==== Input data

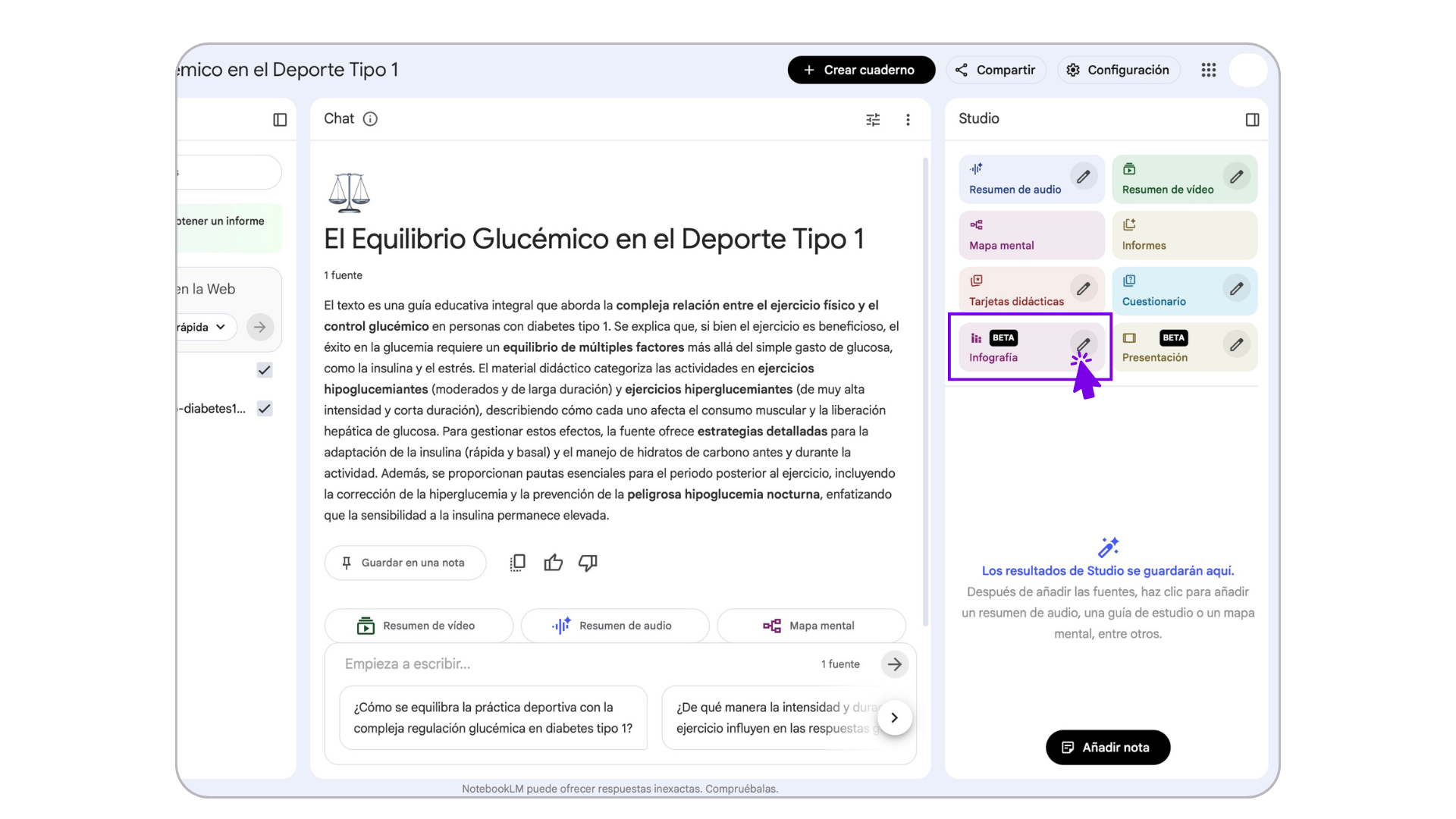 Imagen menú de notebookLM infografías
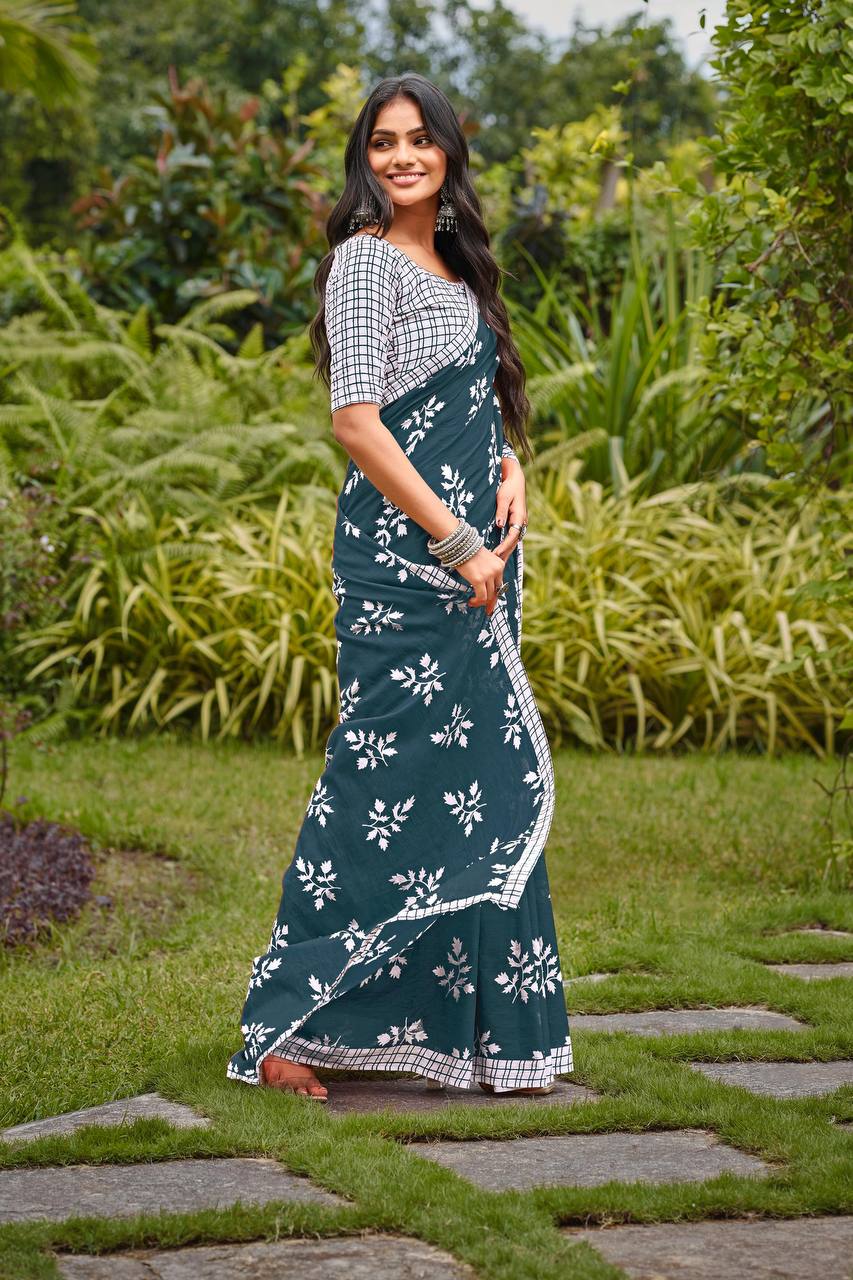 Teal Blue Serenity Floral Saree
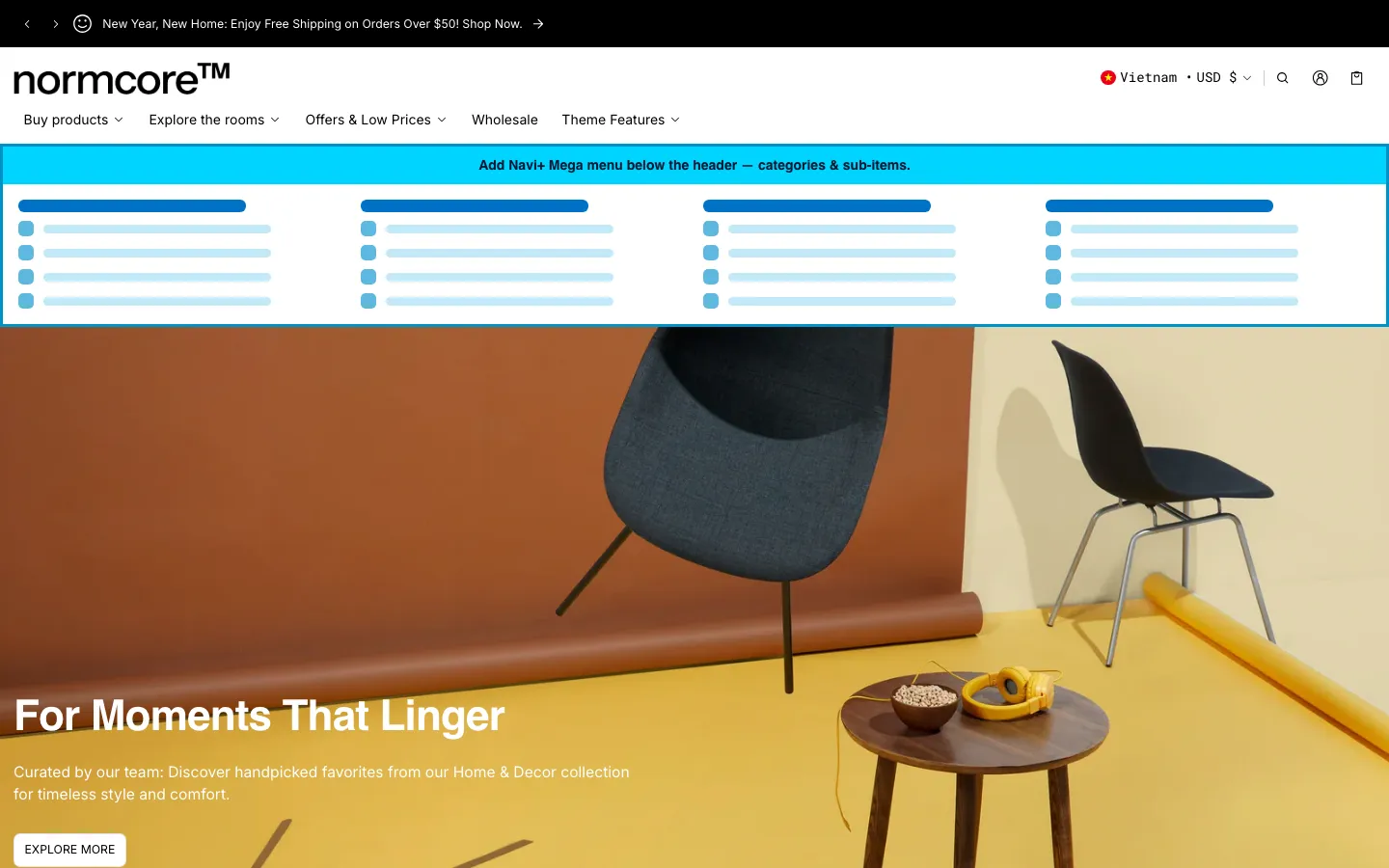 Navi+ Mega Menu inserted below the header on the Normcore Shopify theme Navi+ Mega Menu inserted below the header on the Normcore Shopify theme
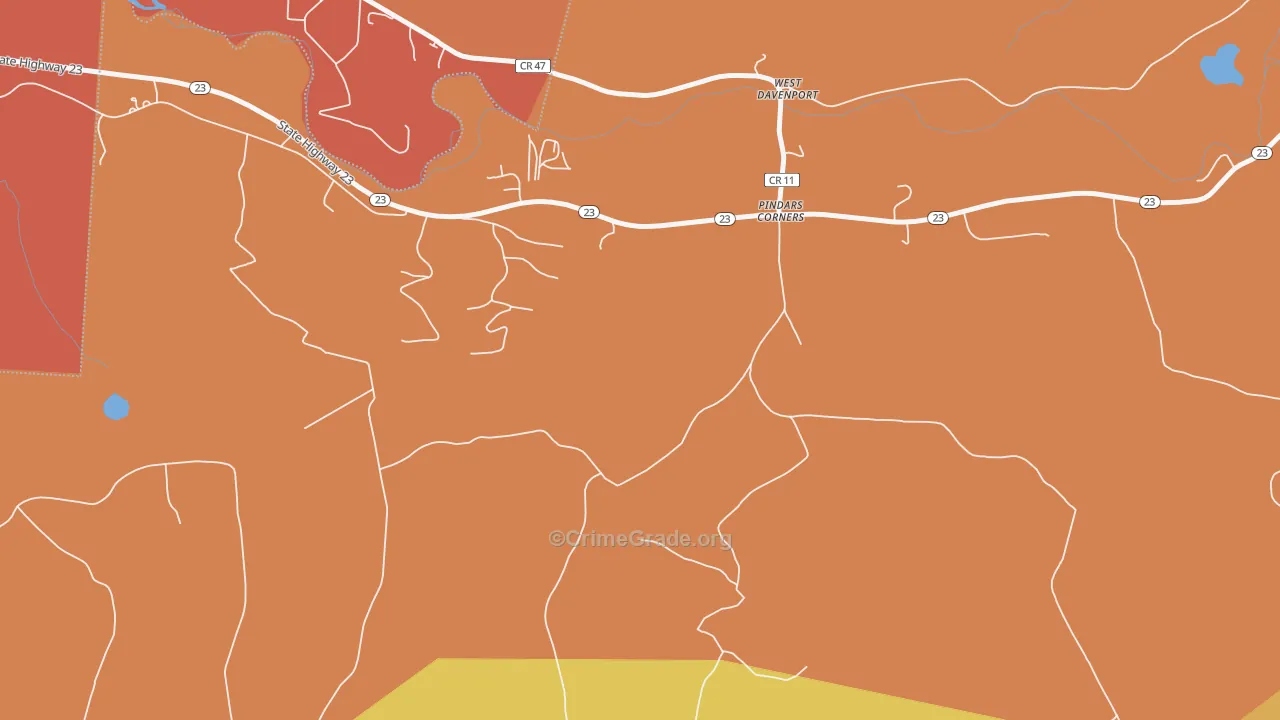 West Davenport, NY Map of Burglary Rates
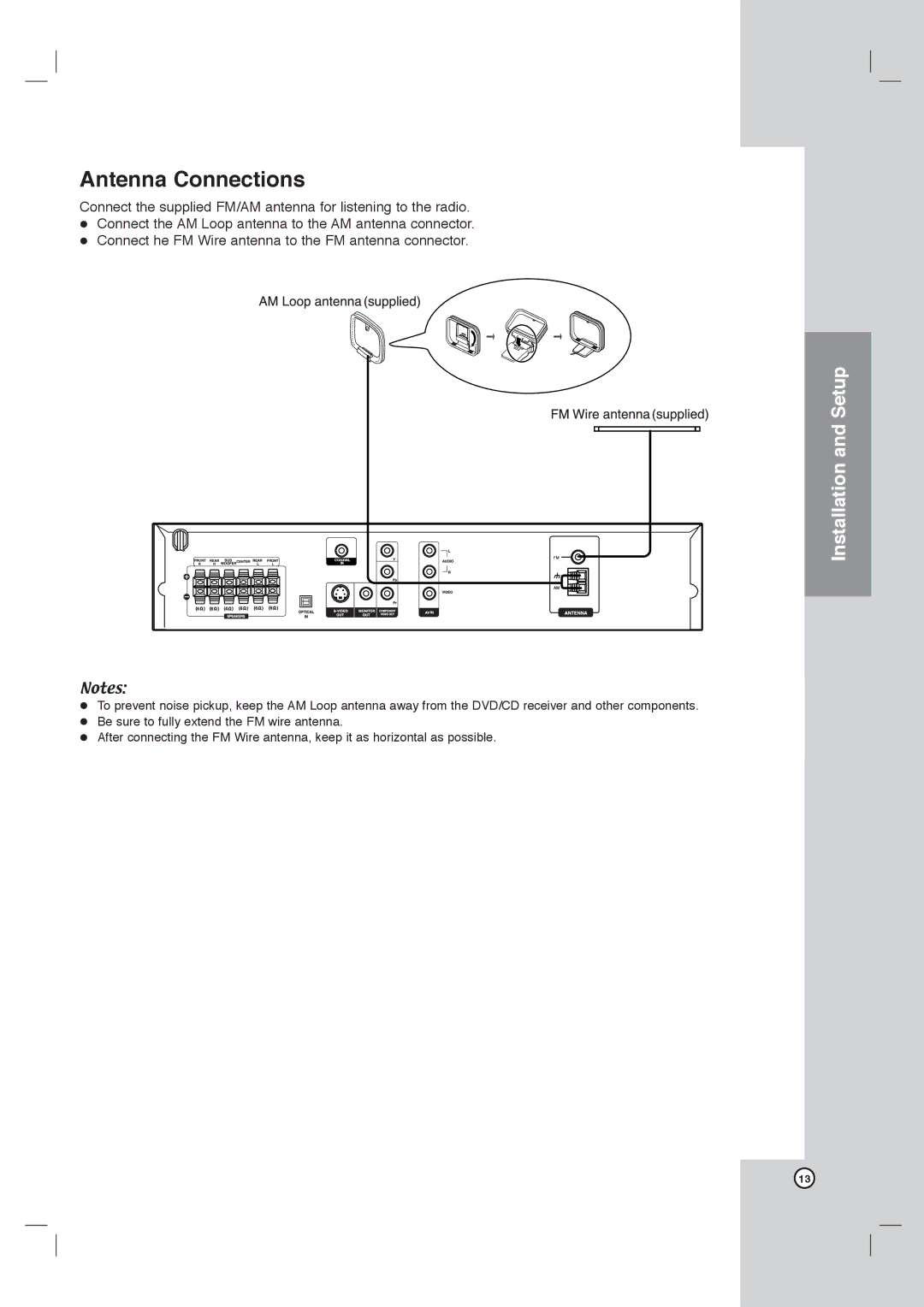 LG Electronics DVT418 owner manual Antenna Connections, Installation and Setup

========

When copying the listing, skip the pictures and keep each line exactly as written.

 Imagen menú de notebookLM infografías
 Teal Blue Serenity Floral Saree
 Navi+ Mega Menu inserted below the header on the Normcore Shopify theme Navi+ Mega Menu inserted below the header on the Normcore Shopify theme
 West Davenport, NY Map of Burglary Rates
 LG Electronics DVT418 owner manual Antenna Connections, Installation and Setup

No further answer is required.